» Assignment
Reproduce exactly the line with "Evenflo Revolve360 Extend" and every line that follows it below, up to and including the last one. Do not include pictures or anything else.

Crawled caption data
—————
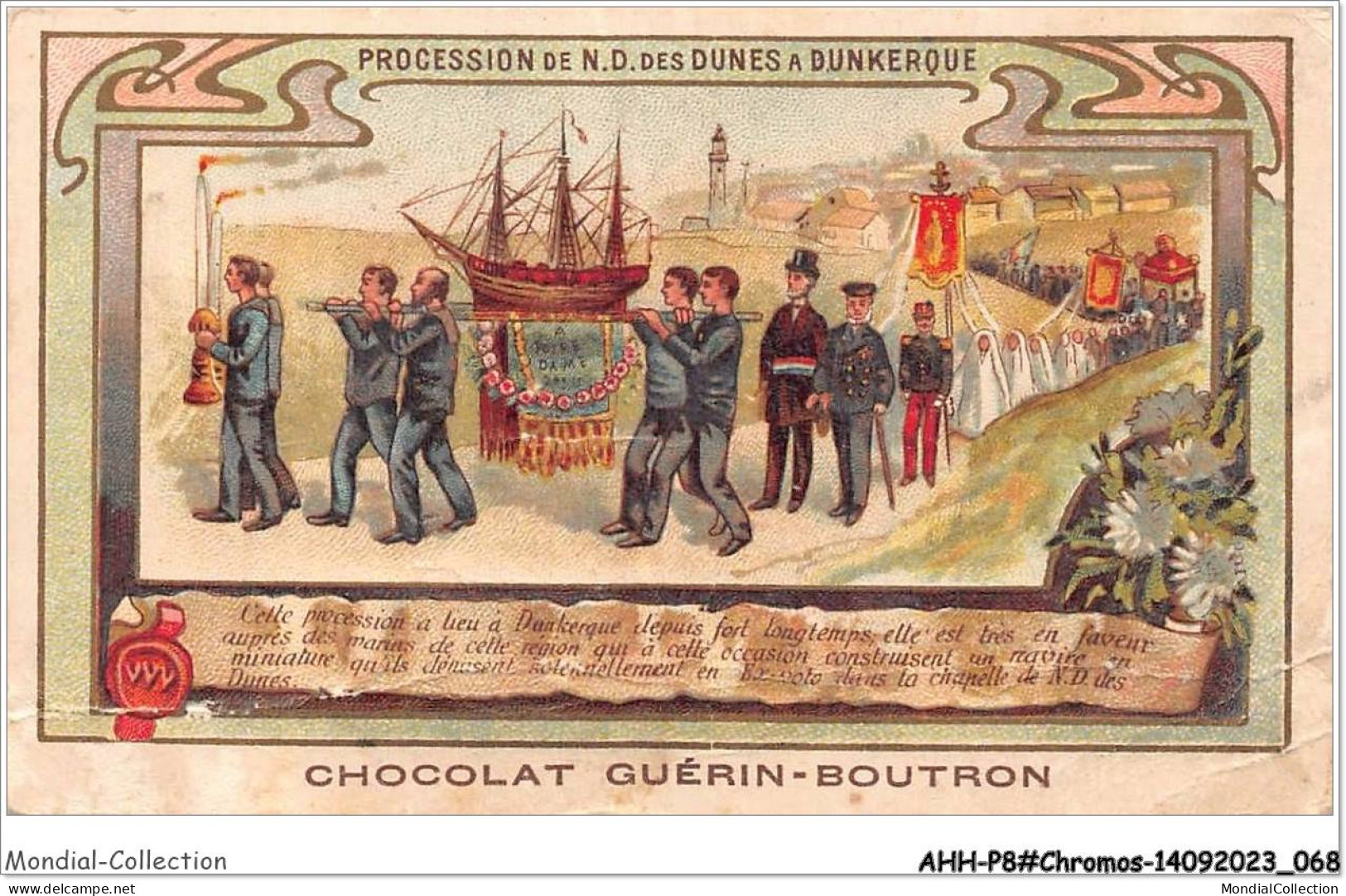 AHHP8-1435 - CHROMOS - CHOCOLAT-GUERIN-BOUTRON - PARIS - Procession De ND Des Dunes A Dunkerque - 10,5 X 7cm - Guerin Boutron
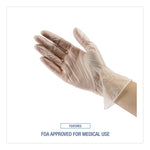 Exam Vinyl Gloves, Powder-Free, Small, 3.6 mil Thick, 13" Long, Clear, 100/Box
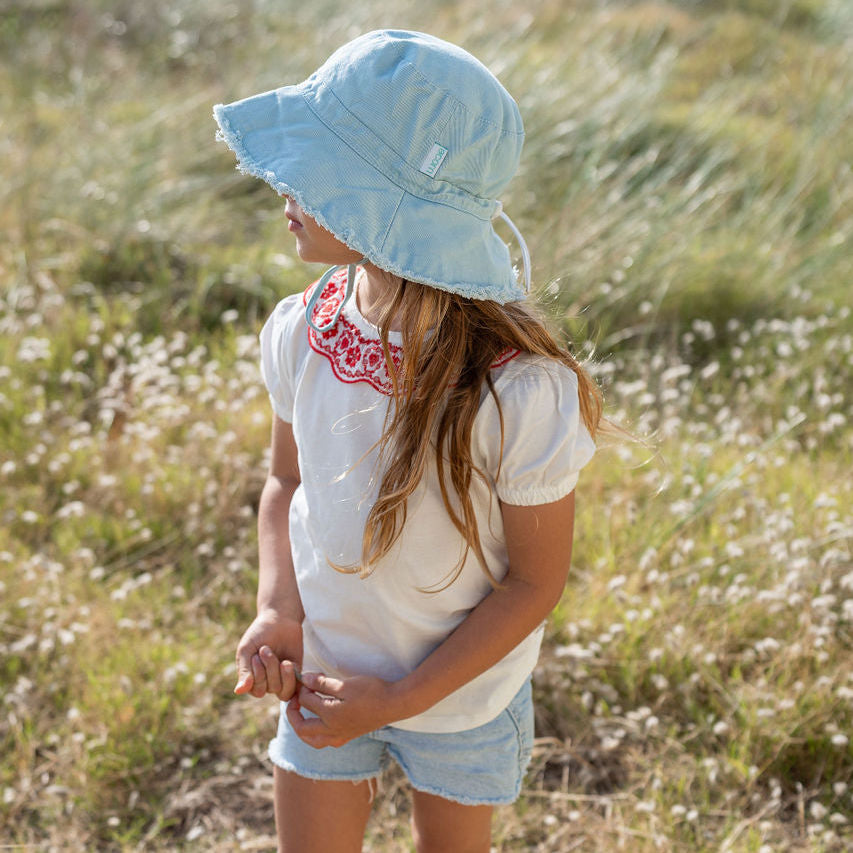 Seafoam Frayed Bucket Hat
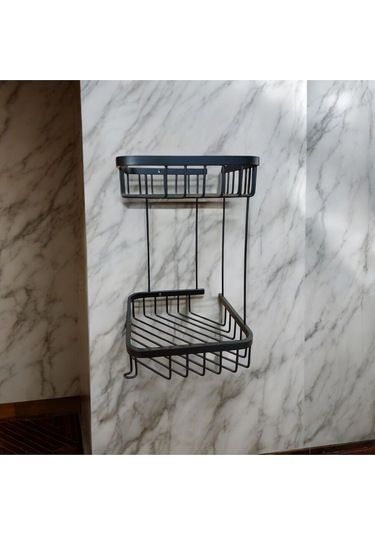 İsaoğlu Yapı Siyah Şampuanlık Pirinç Malzeme Banyo Köşelik Paslanmaz Mat Siyah Siyah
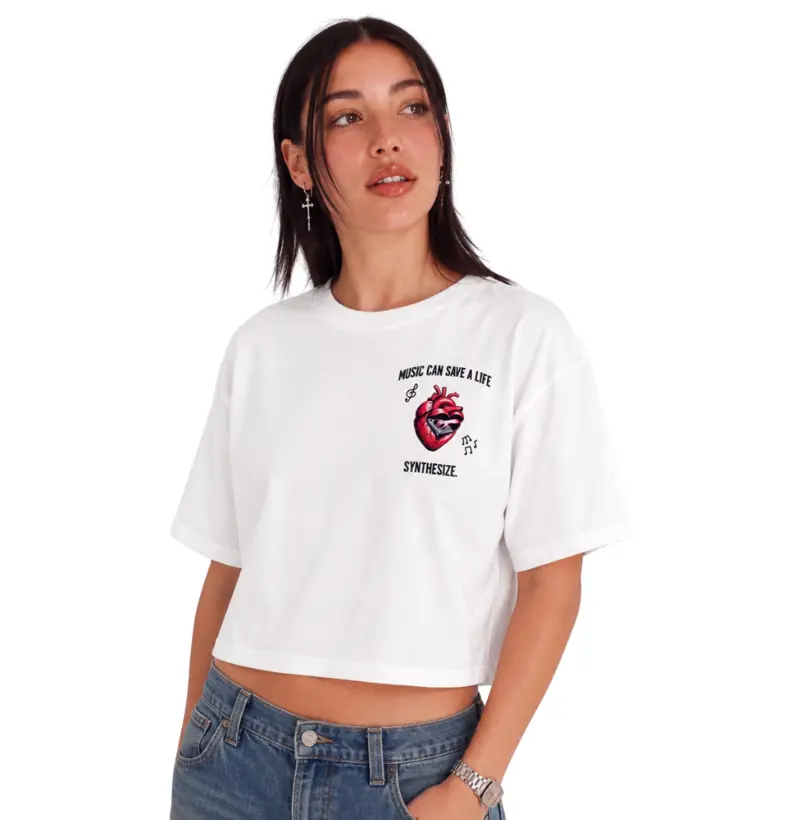 MUSIC CAN SAVE — Camiseta Cropped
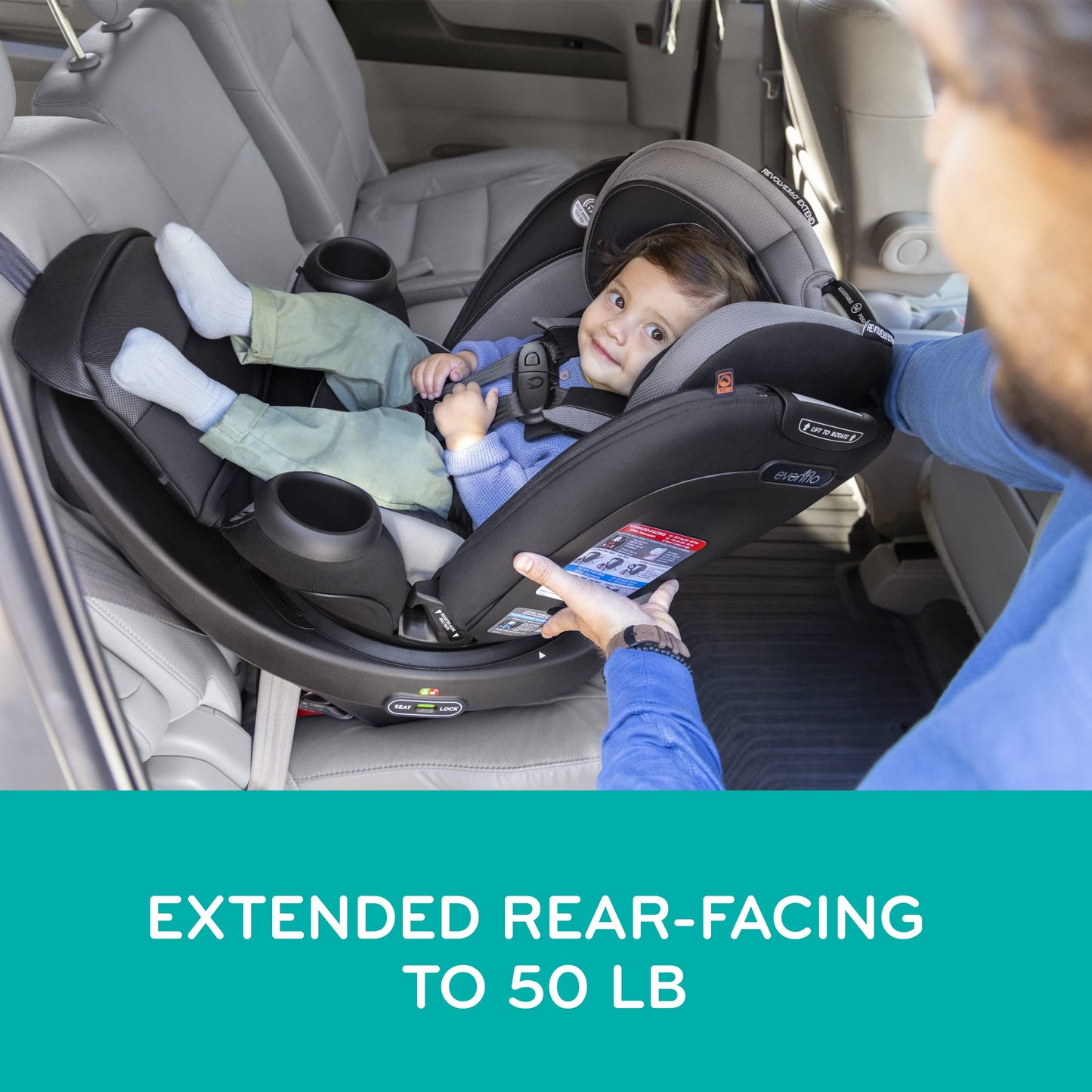 Evenflo Revolve360 Extend Rotational All In One Convertible Car Seat with 360 Degree Rotation and Extended Rear Facing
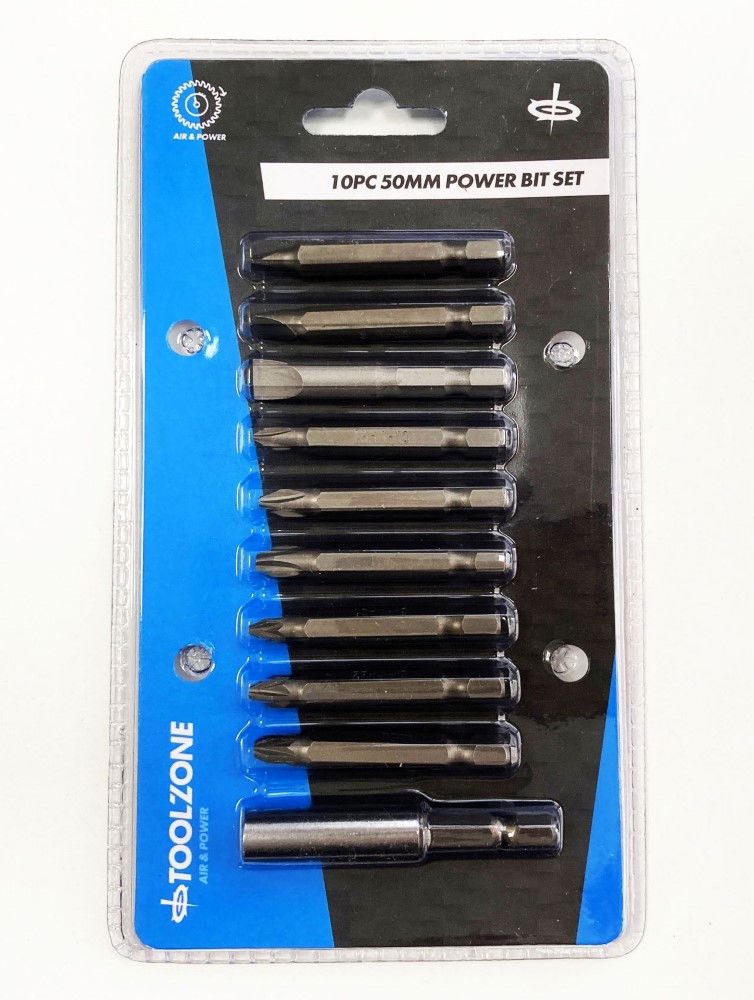 Toolzone Power Bit Set Crv Single Ended 10pc Slot 4-8mm Ph 1-3 Pz 1-3 - Toolzone Kdpsd233
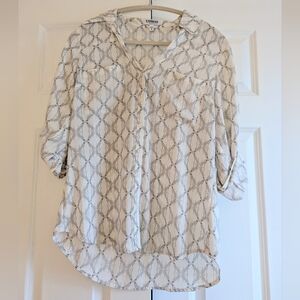 Express Women's Greyhound Geometric Patterned Top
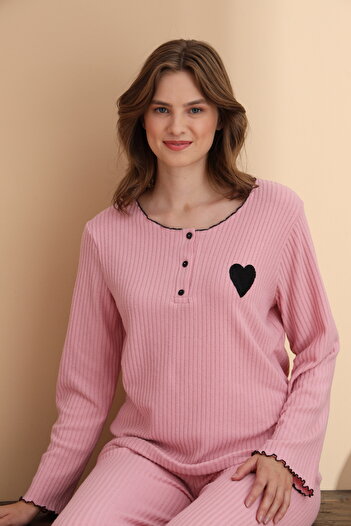 ELİTOL Pink Report Waffle Knitted Long Sleeve Women's Pajama Set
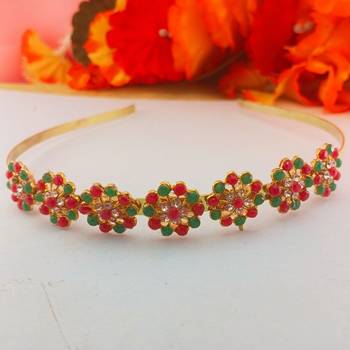 Stone stud gold plated  hair band color golden material brass  size free size 1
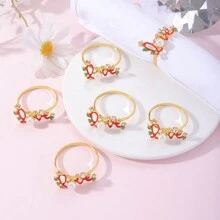 6pcs Valentine's Day Letter LOVE Napkin Rings Table Decoration - Multicolor - View 4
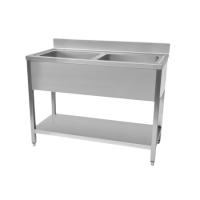 Hamoki STSK-127D Double Bowl Stainless Steel Catering Sink - Centre Bowls. 1200mm Wide. 700mm Deep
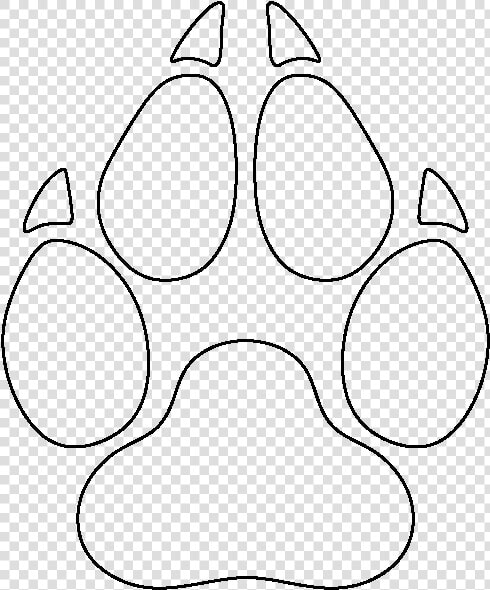 Wolf Paw Print Template   Wolf Paw Print Outline  HD Png DownloadTransparent PNG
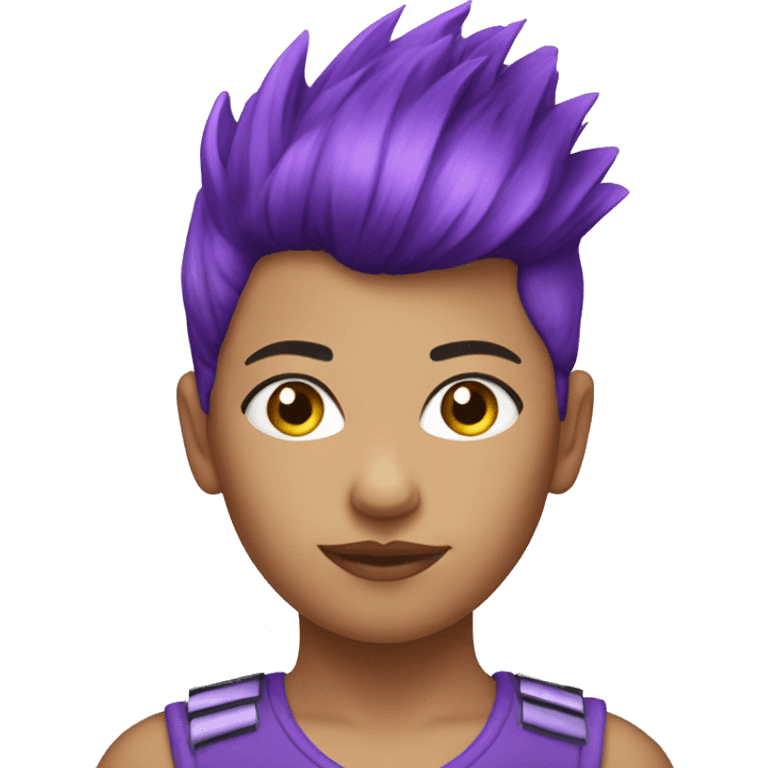 Purple short Mohawk on Caucasian girl  emoji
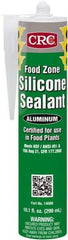 CRC - 10.1 oz Cartridge Silver Hydroxy-Terminated Polydimethylsiloxane/Silica Food Grade Silicone Sealant - -70 to 400°F Operating Temp, 60 min Tack Free Dry Time, 24 hr Full Cure Time - All Tool & Supply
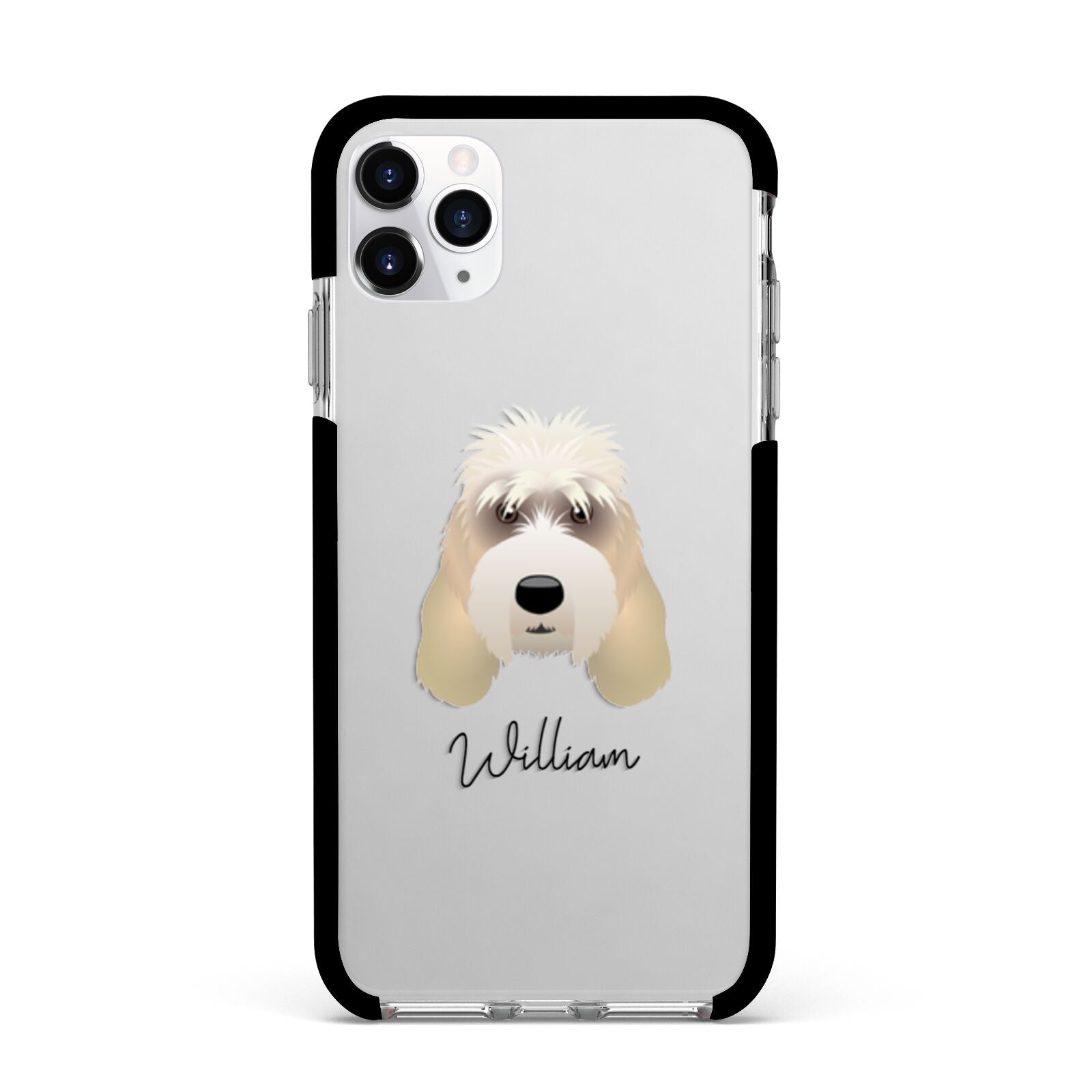 Grand Basset Griffon Vendeen Personalised Apple iPhone 11 Pro Max in Silver with Black Impact Case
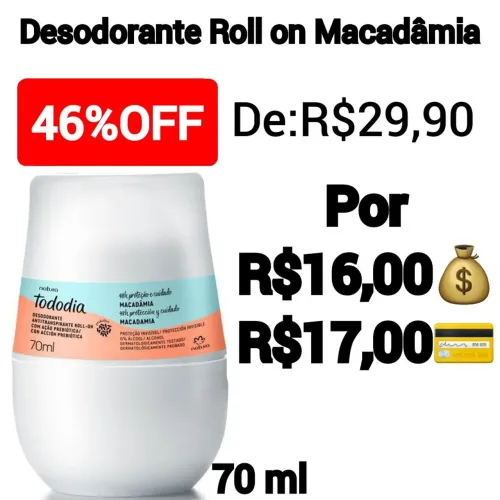 Desodorante Roll-on Macadâmia-Natura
—————
» Answer to the exercise
 Evenflo Revolve360 Extend Rotational All In One Convertible Car Seat with 360 Degree Rotation and Extended Rear Facing
 Toolzone Power Bit Set Crv Single Ended 10pc Slot 4-8mm Ph 1-3 Pz 1-3 - Toolzone Kdpsd233
 Express Women's Greyhound Geometric Patterned Top
 ELİTOL Pink Report Waffle Knitted Long Sleeve Women's Pajama Set
 Stone stud gold plated  hair band color golden material brass  size free size 1
 6pcs Valentine's Day Letter LOVE Napkin Rings Table Decoration - Multicolor - View 4
 Hamoki STSK-127D Double Bowl Stainless Steel Catering Sink - Centre Bowls. 1200mm Wide. 700mm Deep
 Wolf Paw Print Template   Wolf Paw Print Outline  HD Png DownloadTransparent PNG
 Purple short Mohawk on Caucasian girl  emoji
 CRC - 10.1 oz Cartridge Silver Hydroxy-Terminated Polydimethylsiloxane/Silica Food Grade Silicone Sealant - -70 to 400°F Operating Temp, 60 min Tack Free Dry Time, 24 hr Full Cure Time - All Tool & Supply
 Grand Basset Griffon Vendeen Personalised Apple iPhone 11 Pro Max in Silver with Black Impact Case
 Desodorante Roll-on Macadâmia-Natura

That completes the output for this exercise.